Es bleibt also wie gehabt. Die Welt wollte keine neuen Atomwaffenstaaten haben und die Kernwaffen abschaffen. Zu diesem Zweck und mit diesem Versprechen wurde vor 40 Jahren der Atomwaffensperrvertrag (NPT) abgeschlossen. Iran hat diesen Vertrag unterzeichnet. Die übrigen Unterzeichnerstaaten haben daher das Recht, die iranischen Atomanlagen durch die Kontrollbehörde IAEO inspizieren zu lassen und jedem Hinweis auf nicht zivile Nutzung der Kernkraft nachzugehen. Aber der NPT sichert ausdrücklich allen Signataren das unveräußerliche Recht zu, den gesamten nuklearen Brennstoffzyklus für zivile Zwecke zu implementieren und verpflichtet die Nuklearstaaten zum Austausch von technologischen und wissenschaftlichen Daten. Ohne die Rechte zur zivilen Nutzung wäre der NPT von kaum einem der 180 nuklearen Habenichtse unterzeichnet worden. Der Beitritt zum NPT ist freiwillig. Sanktionen sind nicht vorgesehen. Die IAEO hat zwar Verdachtsmomente auf ein nicht ziviles Atomprogramm des Iran, hat aber trotz penibler Nachforschungen in fünf Jahren keine Verletzung des Abkommens nachweisen können. Daher hat der Sicherheitsrat kein Recht, den Stopp der Anreicherung zu fordern und Sanktionen gegen den Iran zu verhängen. Sie sind unrechtmäßig.

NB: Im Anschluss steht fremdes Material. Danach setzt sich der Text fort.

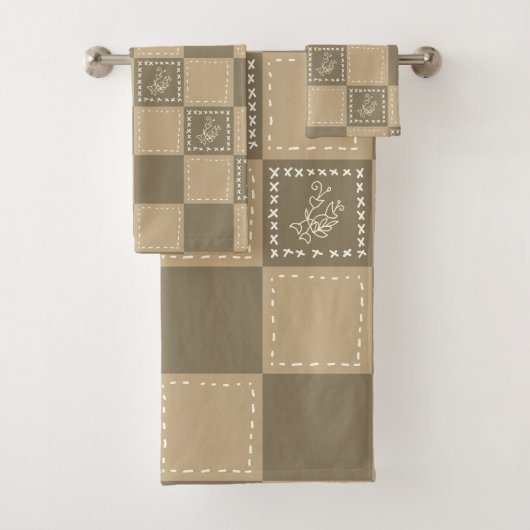 Blume-Quadrate der Mosaikdoodle Badhandtuch Set (Insitu)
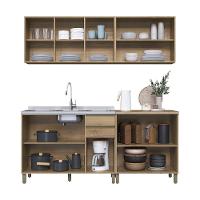 Cozinha Modulada Dinamarca 4 Peças Com Balcão 120cm Castani Sem Tampo - Indékes Castani - 3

Der Sicherheitsrat verteidigt das Kernwaffenmonopol

Der Sicherheitsrat gibt vor, im Dienste der Nonproliferation zu handeln. Aber das ist bestenfalls ein frommer Schein. Denn der NPT verpflichtet die offiziellen Nuklearmächte zur Beendigung des nuklearen Wettrüstens in naher Zukunft und zur nuklearen Abrüstung. Diese Zukunft begann vor 40 Jahren! Solange die Nuklearmächte diese Verpflichtung vollkommen ignorieren, ist ihr Bestehen auf Vertragserfüllung durch die anderen Staaten nichts als die Verteidigung eines Monopols. Um diese hässliche Blöße zu kaschieren, haben die Nuklearmächte im Mai 2000 einmütig ihre Absicht bekräftigt, die Kernwaffen zu eliminieren. Es blieb, wie in den 32 Jahren zuvor, bei dieser hohlen Proklamation. Im krassen Widerspruch zu ihren Worten modernisieren sie allerdings ihre Kernwaffen, entwickeln Präzisionsträger, Mini-Nukes und Bunkerbuster und bereiten die Stationierung im Weltraum vor. Die USA, England, Frankreich und Russland haben allesamt in den letzten sechs Jahren damit gedroht, ihre Kernwaffen präventiv, und sogar gegen Staaten einzusetzen, die keine solchen Waffen besitzen. Für den Westen, der ständig mit den Menschenrechten hausieren geht, gehört ein Leben ohne Bedrohung mit Massenvernichtungswaffen offenbar nicht dazu. Hier macht nur China eine Ausnahme. Die Chinesen haben immer betont, dass sie Kernwaffen niemals als erste einsetzen werden. Das ist insofern ein gewaltiger Unterschied, weil die Waffen dann zwar zur Vergeltung, aber nicht zur Erpressung taugen, wozu die anderen sie so gerne benutzen. Auch die Bundesrepublik Deutschland verletzt den NPT fortwährend, weil sie es zulässt, dass auf ihrem Territorium Kernwaffen lagern und weil sie über die NATO "nuklearer Teilhaber" ist. Es gibt ca. 23000 existierende Kernwaffen, mit denen die Nuklearmächte die Menschheit bedrohen. Und solange diese 23000 Kernwaffen nicht auf der Agenda des Sicherheitsrates stehen, hat seine Sanktionspolitik gegen den Iran nur einen erkennbaren Zweck - das Atommonopol der Atommächte zu erhalten, die in ihm das Sagen haben.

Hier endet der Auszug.